Re: [PATCH] powerpc/stacktrace: fix raise_backtrace_ipi() logic

Michael Ellerman Wed, 02 Jun 2021 04:08:37 -0700

Nathan Lynch <nath...@linux.ibm.com> writes:
> When smp_send_safe_nmi_ipi() indicates that the target CPU has
> responded to the IPI, skip the remote paca inspection
> fallback.
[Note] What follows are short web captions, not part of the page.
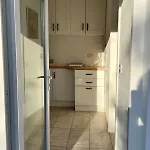 Self-contained Ground Level With Hill View 公寓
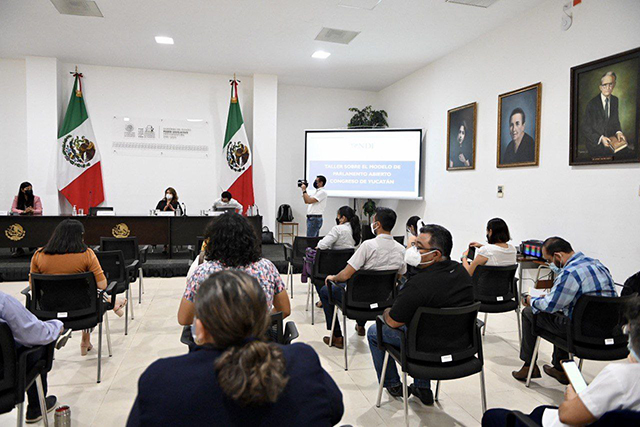 Cursan diputados y personal del Congreso local taller sobre Parlamento Abierto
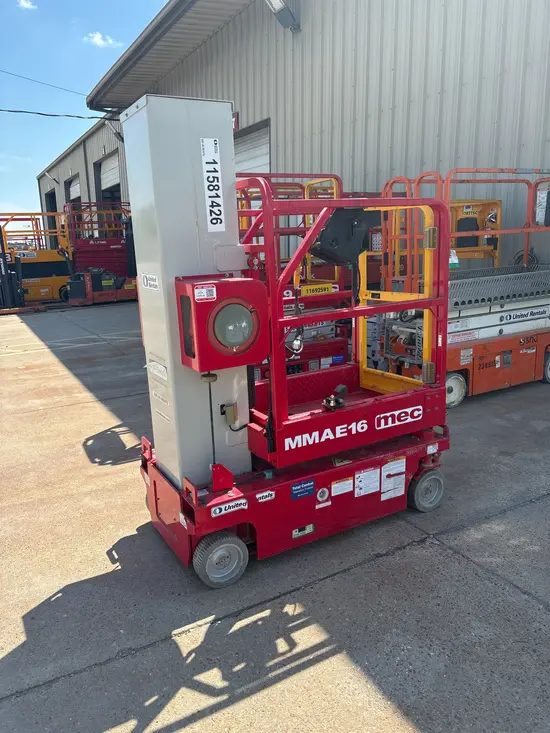 2019 MEC MICRO 19 Scissor Lift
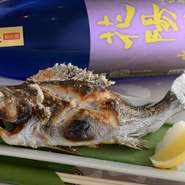 仕入れによって種類の変わる『焼魚』、魚の種類はその日のお楽しみです。「今日は何がある？」とひと言お声かけください。味わい豊かな海の幸を存分にご満喫頂けます。※お値段は魚の大きさによって変わります。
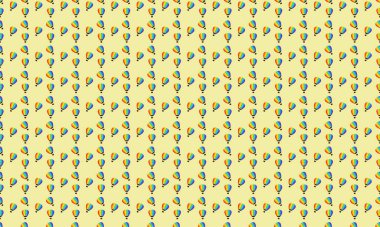 Farklı aksesuarlara sahip renkli arkaplan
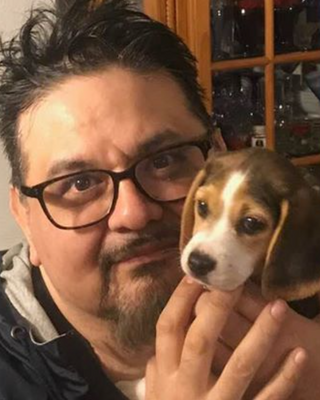 Photo of Henry Flores, Marriage & Family Therapist, LMFT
Otherwise both the sending and target CPUs attempt the
> backtrace, usually creating a misleading ("didn't respond to backtrace
> IPI" is wrong) and interleaved mess:


Thanks for fixing my bugs for me :)

> [ 1658.929157][    C7] rcu: Stack dump where RCU GP kthread last ran:
> [ 1658.929223][    C7] Sending NMI from CPU 7 to CPUs 1:
> [ 1658.929303][    C1] NMI backtrace for cpu 1
> [ 1658.929303][    C7] CPU 1 didn't respond to backtrace IPI, inspecting paca.
> [ 1658.929362][    C1] CPU: 1 PID: 325 Comm: kworker/1:1H Tainted: G        W 
>   E     5.13.0-rc2+ #46
> [ 1658.929405][    C7] irq_soft_mask: 0x01 in_mce: 0 in_nmi: 0 current: 325 
> (kworker/1:1H)
> [ 1658.929465][    C1] Workqueue: events_highpri test_work_fn [test_lockup]
> [ 1658.929549][    C7] Back trace of paca->saved_r1 (0xc0000000057fb400) 
> (possibly stale):
> [ 1658.929592][    C1] NIP:  c00000000002cf50 LR: c008000000820178 CTR: 
> c00000000002cfa0
>
> Verified using the test_lockup module, e.g.
>
> $ echo 5 > /sys/module/rcupdate/parameters/rcu_cpu_stall_timeout
> $ insmod test_lockup.ko time_secs=1 iterations=10 state=R lock_rcu \
>   touch_softlockup all_cpus
>
> Fixes: 5cc05910f26e ("powerpc/64s: Wire up arch_trigger_cpumask_backtrace()")
> Signed-off-by: Nathan Lynch <nath...@linux.ibm.com>
> ---
>  arch/powerpc/kernel/stacktrace.c | 11 +++++++----
>  1 file changed, 7 insertions(+), 4 deletions(-)
>
> diff --git a/arch/powerpc/kernel/stacktrace.c 
> b/arch/powerpc/kernel/stacktrace.c
> index 1deb1bf331dd..e0ccc5a46d7e 100644
> --- a/arch/powerpc/kernel/stacktrace.c
> +++ b/arch/powerpc/kernel/stacktrace.c
> @@ -174,11 +174,14 @@ static void raise_backtrace_ipi(cpumask_t *mask)
>  {
>       unsigned int cpu;
>  
> +     if (cpumask_test_cpu(smp_processor_id(), mask)) {
> +             handle_backtrace_ipi(NULL);
> +             cpumask_clear_cpu(smp_processor_id(), mask);
> +     }
> +
>       for_each_cpu(cpu, mask) {
> -             if (cpu == smp_processor_id())
> -                     handle_backtrace_ipi(NULL);
> -             else
> -                     smp_send_safe_nmi_ipi(cpu, handle_backtrace_ipi, 5 * 
> USEC_PER_SEC);
> +             if (smp_send_safe_nmi_ipi(cpu, handle_backtrace_ipi, 5 * 
> USEC_PER_SEC))
> +                     cpumask_clear_cpu(cpu, mask);

I think there's still a race here, but instead of causing us to emit a
spurious "didn't respond" trace, it could lead to us failing to emit a
proper trace when we should.

It's hard to follow this code, but mask above is backtrace_mask from
lib/nmi_backtrace.c, because of:

void nmi_trigger_cpumask_backtrace(const cpumask_t *mask,
                                   bool exclude_self,
                                   void (*raise)(cpumask_t *mask))
{
        int i, this_cpu = get_cpu();

        cpumask_copy(to_cpumask(backtrace_mask), mask);
                                ^^^^^^^^^^^^^^
        ...

        if (!cpumask_empty(to_cpumask(backtrace_mask))) {
                pr_info("Sending NMI from CPU %d to CPUs %*pbl:\n",
                        this_cpu, nr_cpumask_bits, to_cpumask(backtrace_mask));
                raise(to_cpumask(backtrace_mask));
                                 ^^^^^^^^^^^^^^

And raise there is raise_backtrace_ipi() (the function we're patching).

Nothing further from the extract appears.